What is being asked >>
Without including any pictures, write out all the records word for word.

(Scraped caption text data)
Segment Open

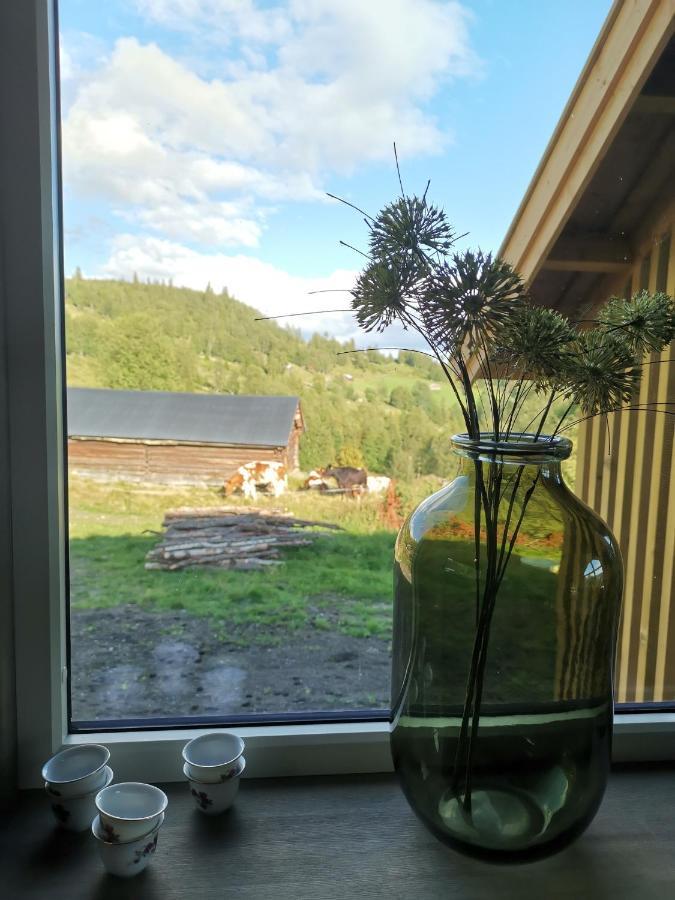 Na Er Vinteren Kommet Til Hallingdal Al Extérieur photo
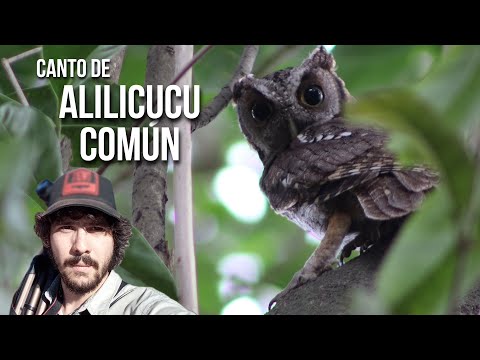 Myšiarka tropická — Tropical Screech-Owl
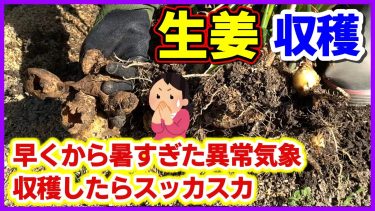 【生姜収穫】早くから暑すぎた異常気象で栽培したら大事なアレが悲しい姿だった／ショウガ栽培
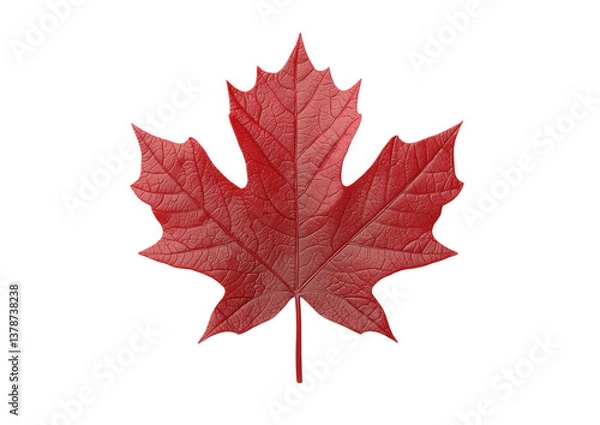 Fototapeta isolated transparent Background. single elegant maple leaf in deep red and orange, showcasing its intricate texture and beauty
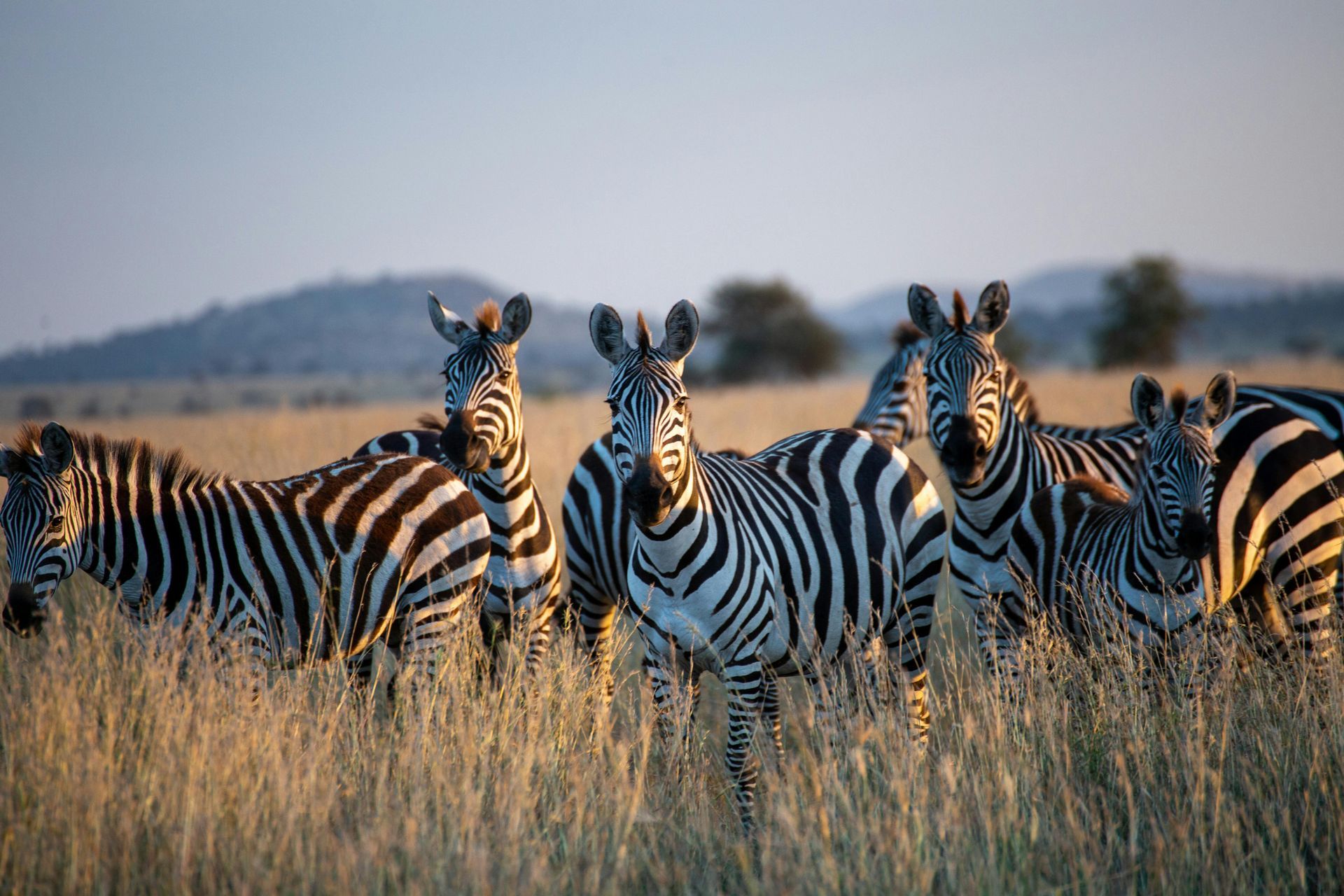 A herd of zebras standing in a field of tall grass in Tanzania, Africa.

Segment Closed

Expected answer >>
 Na Er Vinteren Kommet Til Hallingdal Al Extérieur photo
 Myšiarka tropická — Tropical Screech-Owl
 【生姜収穫】早くから暑すぎた異常気象で栽培したら大事なアレが悲しい姿だった／ショウガ栽培
 Fototapeta isolated transparent Background. single elegant maple leaf in deep red and orange, showcasing its intricate texture and beauty
 A herd of zebras standing in a field of tall grass in Tanzania, Africa.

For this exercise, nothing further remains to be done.